California’s Proposition 36, the Substance Abuse and Crime Prevention Act of 2000 (SACPA), took effect on July 1, 2001. Since that date, SACPA has been diverting low-level, non-violent
drug offenders convicted solely of possession for personal use into community-based treatment instead of incarceration. While it is too early to determine the ultimate success of this program, this preliminary progress report describes how the state and the largest counties are implementing this initiative.

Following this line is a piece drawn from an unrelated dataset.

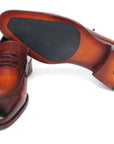 Paul Parkman Men's Split Toe Loafer Shoes Tobacco (ID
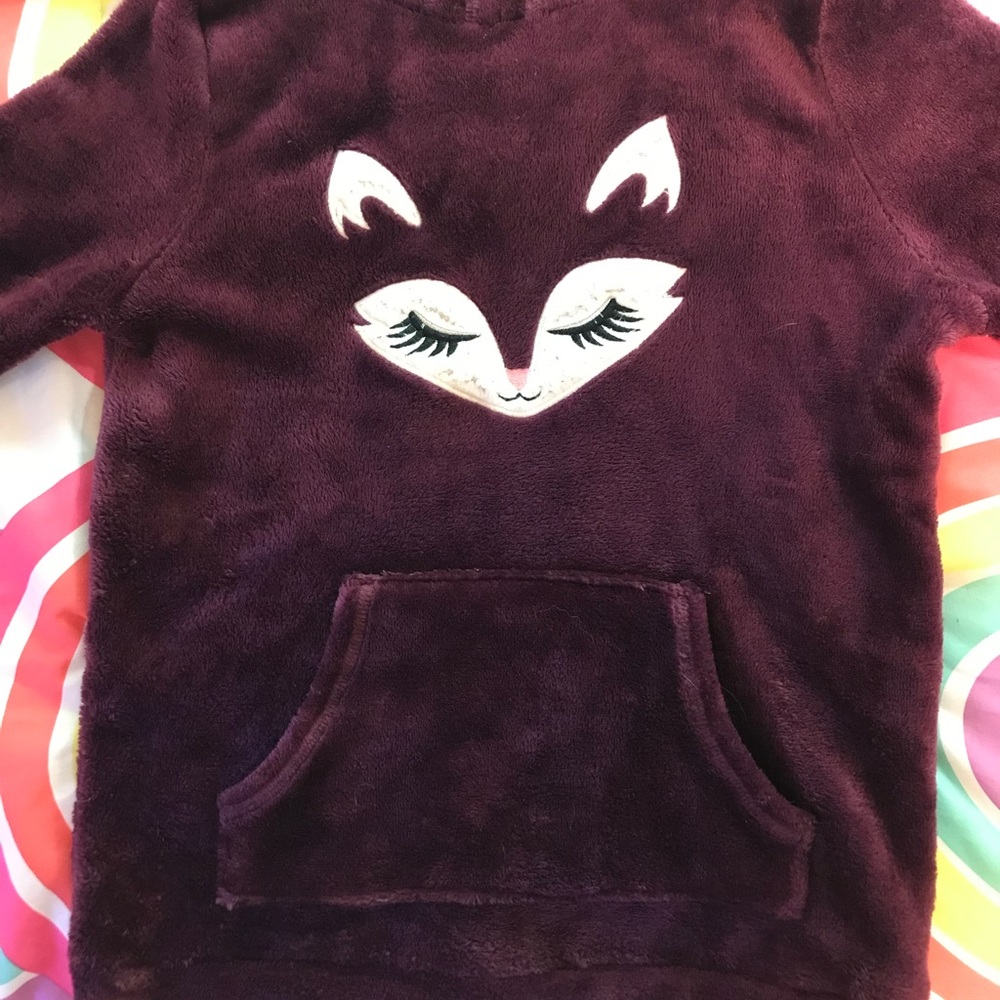 Fox hoodie sweatshirt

Early indications suggest that SACPA is being implemented well in most of the state, and that the initiative is on the path to fulfill its promise to the voters to reduce the rates of drug addiction and crime by diverting offenders to drug treatment, and will save California taxpayers many millions of dollars by reducing our state’s jail and prison populations.

Highlights

SACPA Clients

  • In the seven counties examined in this report—Contra Costa, Los Angeles, Sacramento, San Bernardino, San Diego, San Mateo, and Ventura—over 9,500 individuals had been referred to treatment through SACPA by the end of December 2001.
  • In these seven counties, the average number of clients active in treatment was 71 percent of the total number of referrals.
  • According to an initial assessment of a cross-section of California counties, meth-amphetamine was used by over 40 percent of SACPA clients. It is also the primary drug of choice in a number of California counties examined for this report, including Contra Costa, Sacramento, and Ventura Counties.

Interagency Collaboration

  • SACPA involves a unique and groundbreaking collaboration between criminal justice and public health agencies at the county level, including substance abuse and mental
    health departments, probation, parole and the courts: 53 of the state’s 58 counties, and each of the 12 largest counties (which together comprise 75 percent of the state’s population) chose local health departments (or the drug and alcohol divisions thereof) to serve as lead agencies in the implementation of SACPA.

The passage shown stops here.